強制捜索と逮捕を逃れるため、家庭教会の信者は集会所を偽装している。また、政権の監視の目をかいくぐるため、山で祈りを捧げている信者たちもいる。
2018年に 新宗教事務条例 が施行されて以来、政府公認の 中国共産党 が運営する宗教機関に参加していない全ての礼拝の場は抹殺され、強制的に政府の管理下に置かれる危険に直面している。多くの 家庭教会 は、教えを守り、政府からの嫌がらせをから逃れるために様々な対策を実施せざるを得ない状況に身を置かれている。
銭湯で集会を執り行う
4月、内モンゴルのある 市 の家庭教会の集会所が、「違法な集会」を開いているとして 統戦部 と宗教事務局により閉鎖に追い込まれた。当局は、この教会の指導者に対し、集会を継続する場合は逮捕すると脅していた。

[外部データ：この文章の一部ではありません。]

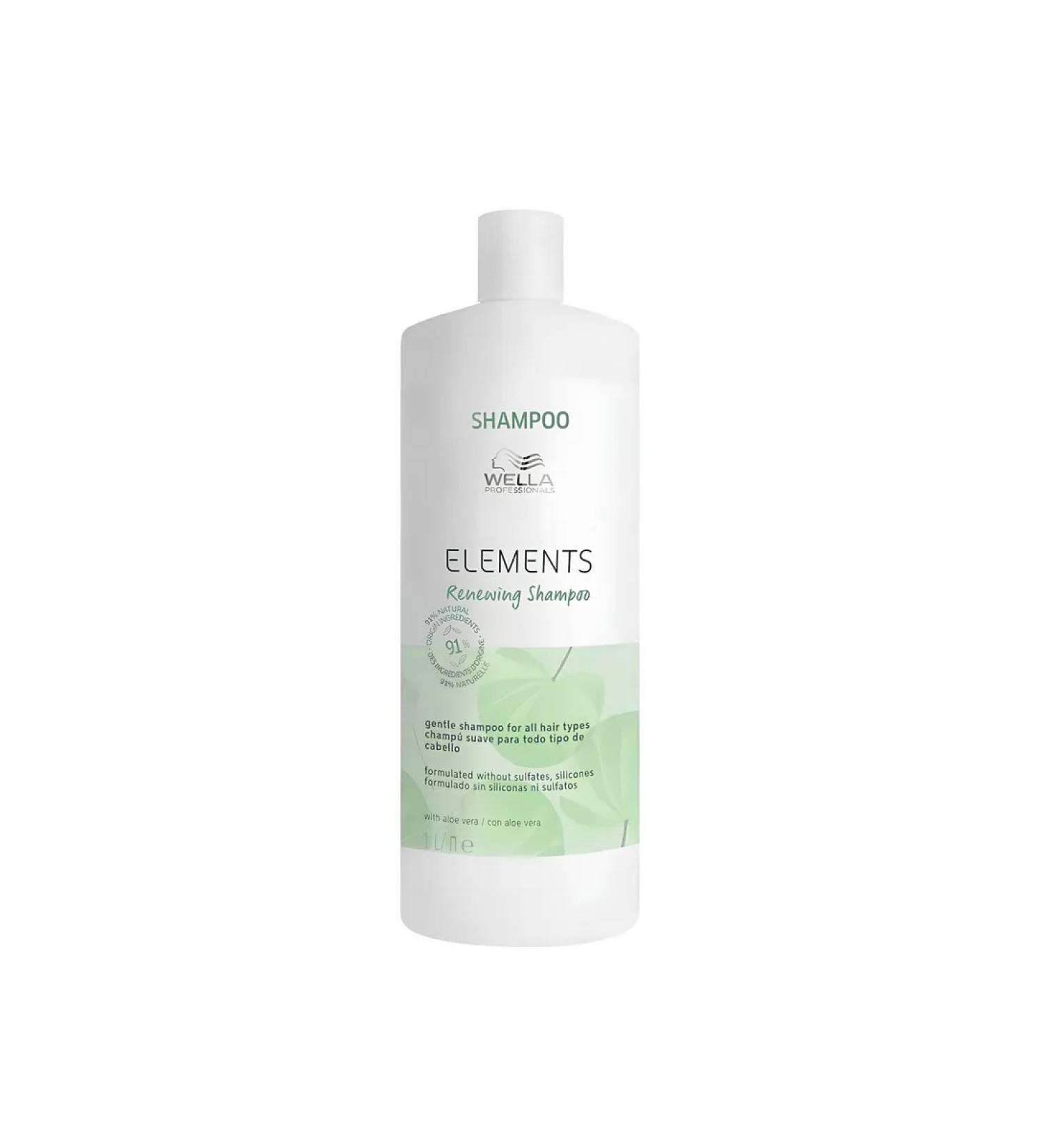 WELLA PROFESSIONALS Wella elements shampoo renewing 1000 ml - Buy Online on GoSupps.com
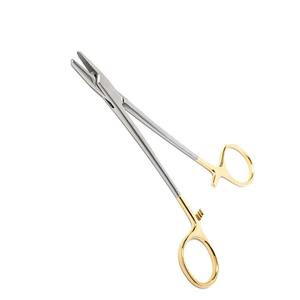 ที่ใส่เข็มผ่าตัดด้วยมือทำจากสเตนเลสสตีลขนาดกำหนดเองได้ (แบบ Mayo hegar) ได้รับการรับรอง CE Ortho genix สำหรับการผ่าตัดทั่วไป - Product Image 4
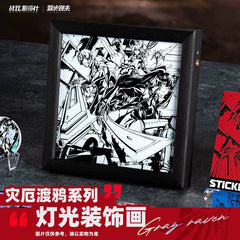 Punishing: Gray Raven Decorative Light Painting 200x200mm - Pardo's Shop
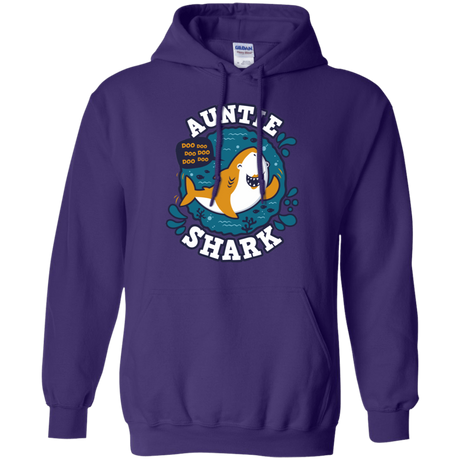 Sweatshirts Purple / S Shark Family Trazo - Auntie Pullover Hoodie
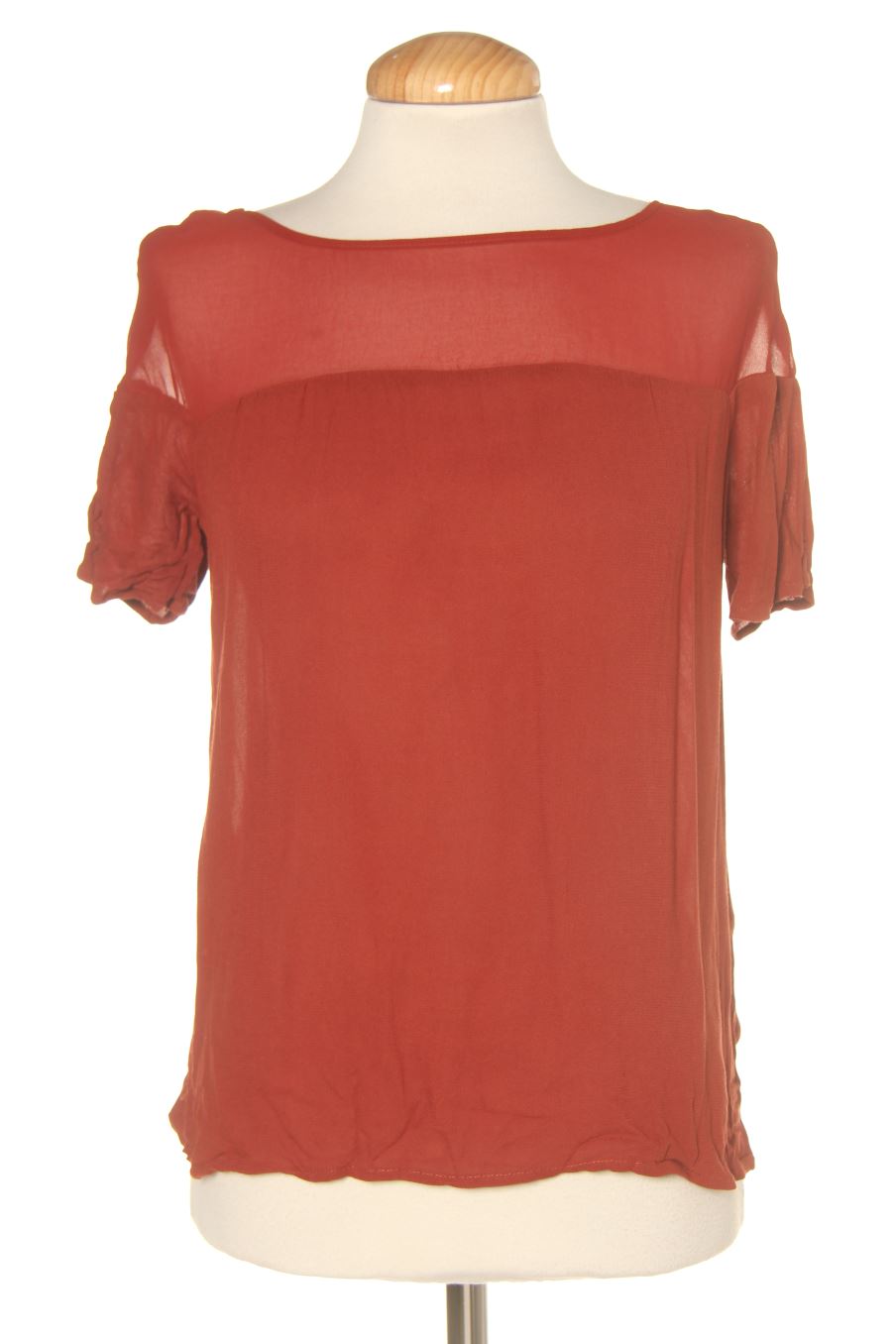 Blouse à manches courtes PERCENTIL de la taille XXS, de couleur rouge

集会所の閉鎖後、信者たちは信者の一人が経営する店で集会を行うようになったが、この場所も警察に見つかった。切羽詰まった信者たちは、閉鎖中の30平方メートルの広さの銭湯を借り、新しい集会所として使うことにした。現在、シャワーヘッドに見下ろされながら信者は祈りを捧げている。4月の天候は穏やかだが、銭湯の中は湿っており、寒かったため、信者たちはコートを脱ごうとしなかった。
この建物に元々あった看板「風呂と宿泊」は現在も取り外されていない。銭湯の周辺は人が住んでいないため、教会の信者たちは、しばらくは追跡を逃れることができるのではないかと期待している。
信者の一人は「銭湯での集会も一時的な措置です。政府に見つかったら、別の場所に移らなければなりません。私たちは贅沢を求めているわけではありません。神に祈りを捧げることができる集会の場が欲しいだけです。しかし、中国ではこの質素な願いさえもかなえることはできません」と不安げに語った。
教会を活動センターに偽装
中国北西部、陝西 省 の省都の西安市にある家庭教会の牧師がBitter Winterに伝えたところによると、現地の 街道 弁事所と警察が、昨年10月「集会は違法」であり、信者による寄付は「違法な資金集め」だと主張し、教会に嫌がらせを行ったという。当局は、三自教会 に参加するよう信者たちに圧力をかけ、命令に従わない場合は、教会を強制的に閉鎖し、資産を押収すると告げた。
牧師は「三自教会に参加すると、すぐに国旗と国歌が教会の一部となり、教会の本質を変えてしまいます」と述べ、国に教会を管理させたくない理由を説明した。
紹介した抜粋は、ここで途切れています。